#### WHAT TO DO
Produce a verbatim transcription of the entries, with all pictures omitted.

Short text fragments from websites
---+---

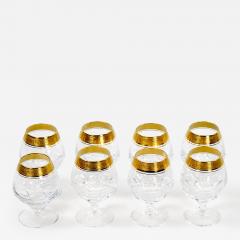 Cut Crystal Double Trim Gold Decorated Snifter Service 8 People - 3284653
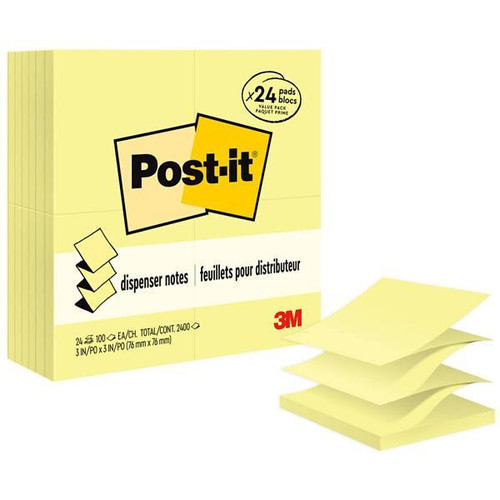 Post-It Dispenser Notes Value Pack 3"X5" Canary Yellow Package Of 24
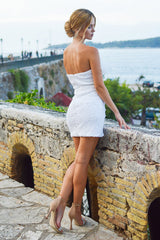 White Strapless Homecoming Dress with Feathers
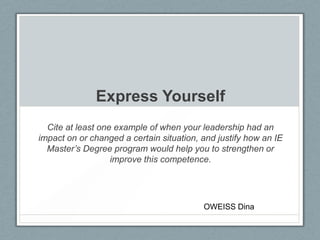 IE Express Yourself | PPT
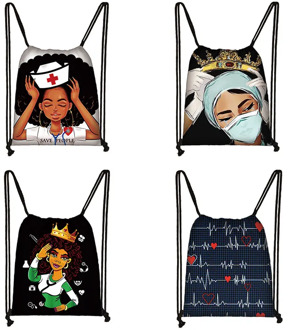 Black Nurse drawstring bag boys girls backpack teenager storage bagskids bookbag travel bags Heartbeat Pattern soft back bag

---+---

#### RESULT OF THIS TASK
 Cut Crystal Double Trim Gold Decorated Snifter Service 8 People - 3284653
 Post-It Dispenser Notes Value Pack 3"X5" Canary Yellow Package Of 24
 White Strapless Homecoming Dress with Feathers
 IE Express Yourself | PPT
 Black Nurse drawstring bag boys girls backpack teenager storage bagskids bookbag travel bags Heartbeat Pattern soft back bag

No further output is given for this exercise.